Hers is a deeply flawed book—and not only because she has added new, outlandish tales to the story of a top-secret military facility. All too often, Jacobsen’s history of the activities that did occur at the facility is filled with errors of commission and omission. One has to wonder what role her editors played in overseeing this book, and why so many mistakes and preposterous claims survived editorial review.
Jacobsen’s command of nuclear history and science is almost non-existent. There are so many mistakes that it is hard to know where to begin.
For Jacobsen, Vannevar Bush is the grey eminence behind all sorts of secret projects. She depicts Bush as the head of the Manhattan Project on three occasions. While Bush was instrumental in helping launch the atomic bomb program, it was General Leslie R. Groves who was the actual head of the Manhattan Project—which is why histories of the project without exception name Groves and Robert Oppenheimer as its central figures. Bush was science adviser to President Franklin Roosevelt, and as such was chairman of a three-member oversight committee, known as the Military Policy Committee, that usually rubber-stamped decisions that Groves had already made.

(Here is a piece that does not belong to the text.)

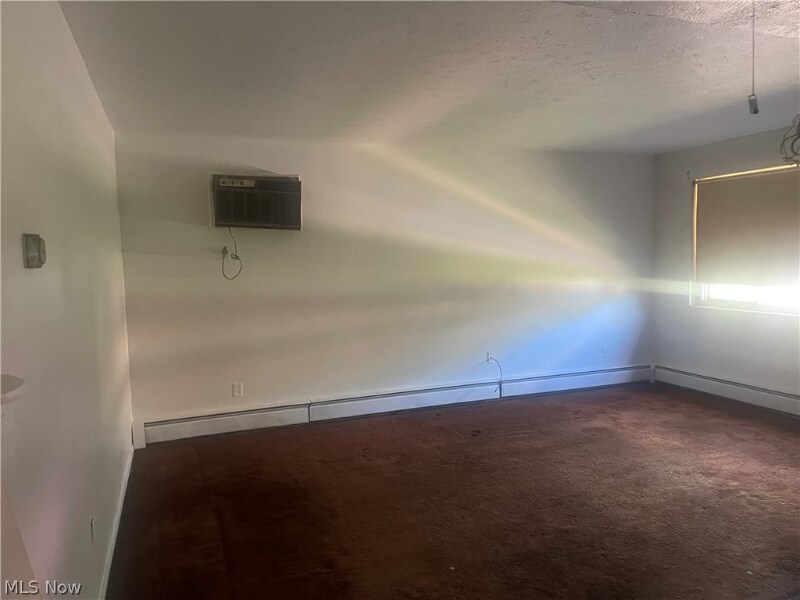 Building Photo - 1867 N Taylor Rd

She writes, “President Truman authorized [General Curtis] LeMay to lead the 509th Operations Group, based on Tinian Island, to drop the Hiroshima and Nagasaki atomic bombs.” The actual head of the 509th Composite Group was Colonel Paul W. Tibbets. She claims LeMay was at the 1946 Crossroads tests in the Pacific. He was not. She says, with reference to the Bay of Pigs operation [April 1961] that Richard Bissell, the CIA deputy director for plans, “lamented that if LeMay had provided adequate air cover as he had promised, the mission would most likely have been a success.” This creates the inference that LeMay was derelict. Yet anyone with rudimentary knowledge of the Bay of Pigs episode knows that it was President John F. Kennedy who made the crucial decision to withhold direct US air support—a decision that has often been debated but whose origin has never been disputed.